# Distances between Gaussian distributions

Nearly equivalent to distances between symmetric positive definite matrices

June 27, 2016 — May 3, 2023

algebra
Gaussian
geometry
high d
linear algebra
measure
probability
signal processing
spheres
statistics

Since Gaussian approximations pop up a lot in e.g. variational approximation problems, it is nice to know how various probability metrics come out for them.
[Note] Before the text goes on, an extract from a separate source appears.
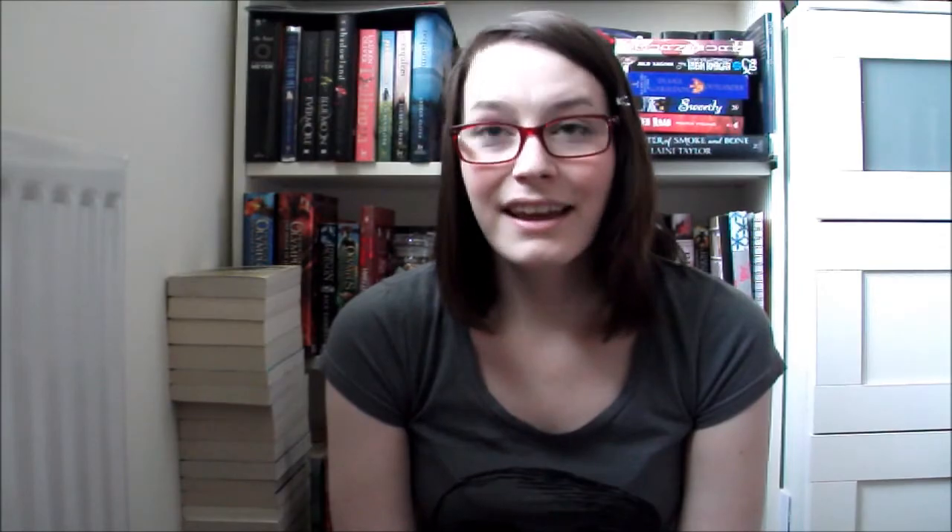And the second book I got was In a Handful of Dust by Mindy McGinnis. This is a follow-up to Not a Drop to Drink, which I haven't read yet but I'm planning to get to soon. In a Handful of Dust doesn't come out until September, so I've still got time to read the first book.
Since the “difficult” part of the problem is the distance between the covariances, this often ends up being the same, or at least closely related to the question of matrix norms, where the matrices in question are the positive (semi-)definite covariance/precision matrices.

## 1 Wasserstein

A useful analytic result about Wasserstein-2 distance, i.e. $$W_2(\mu;\nu):=\inf\mathbb{E}(\Vert X-Y\Vert_2^2)^{1/2}$$ for $$X\sim\nu$$, $$Y\sim\mu$$. Two Gaussians may be related thusly : \begin{aligned} d&:= W_2(\mathcal{N}(\mu_1,\Sigma_1);\mathcal{N}(\mu_2,\Sigma_2))\\ \Rightarrow d^2&= \Vert \mu_1-\mu_2\Vert_2^2 + \operatorname{tr}(\Sigma_1+\Sigma_2-2(\Sigma_1^{1/2}\Sigma_2\Sigma_1^{1/2})^{1/2}). \end{aligned}

In the centred case this the even simpler \begin{aligned} d&:= W_2(\mathcal{N}(0,\Sigma_1);\mathcal{N}(0,\Sigma_2))\\ \Rightarrow d^2&= \operatorname{tr}(\Sigma_1+\Sigma_2-2(\Sigma_1^{1/2}\Sigma_2\Sigma_1^{1/2})^{1/2}). \end{aligned}

## 2 Kullback-Leibler

Pulled from wikipedia:

$D_{\text{KL}}(\mathcal{N}(\mu_1,\Sigma_1)\parallel \mathcal{N}(\mu_2,\Sigma_2)) ={\frac {1}{2}}\left(\operatorname {tr} \left(\Sigma _{2}^{-1}\Sigma _{1}\right)+(\mu_{2}-\mu_{1})^{\mathsf {T}}\Sigma _{2}^{-1}(\mu_{2}-\mu_{1})-k+\ln \left({\frac {\det \Sigma _{2}}{\det \Sigma _{1}}}\right)\right).$

In the centred case this reduces to

$D_{\text{KL}}(\mathcal{N}(0,\Sigma_1)\parallel \mathcal{N}(0, \Sigma_2)) ={\frac {1}{2}}\left(\operatorname{tr} \left(\Sigma _{2}^{-1}\Sigma _{1}\right)-k+\ln \left({\frac {\det \Sigma _{2}}{\det \Sigma _{1}}}\right)\right).$

## 3 Hellinger

Djalil defines Hellinger distance $\mathrm{H}(\mu,\nu) ={\Vert\sqrt{f}-\sqrt{g}\Vert}_{\mathrm{L}^2(\lambda)} =\Bigr(\int(\sqrt{f}-\sqrt{g})^2\mathrm{d}\lambda\Bigr)^{1/2}.$ via Hellinger affinity $\mathrm{A}(\mu,\nu) =\int\sqrt{fg}\mathrm{d}\lambda, \quad \mathrm{H}(\mu,\nu)^2 =2-2A(\mu,\nu).$ For Gaussians it apparently turns out that $\mathrm{A}(\mathcal{N}(m_1,\sigma_1^2),\mathcal{N}(m_2,\sigma_2^2)) =\sqrt{2\frac{\sigma_1\sigma_2}{\sigma_1^2+\sigma_2^2}} \exp\Bigr(-\frac{(m_1-m_2)^2}{4(\sigma_1^2+\sigma_2^2)}\Bigr),$

In multiple dimensions: $\mathrm{A}(\mathcal{N}(m_1,\Sigma_1),\mathcal{N}(m_2,\Sigma_2)) =\frac{\det(\Sigma_1\Sigma_2)^{1/4}}{\det(\frac{\Sigma_1+\Sigma_2}{2})^{1/2}} \exp\Bigr(-\frac{\langle\Delta m,(\Sigma_1+\Sigma_2)^{-1}\Delta m)\rangle}{4}\Bigr).$

## 4 “Natural” / geodesic

High speed introduction to geometry of distances: Moakher and Batchelor (2006), which discusses the problems of comparing covariance matrices on a natural manifold.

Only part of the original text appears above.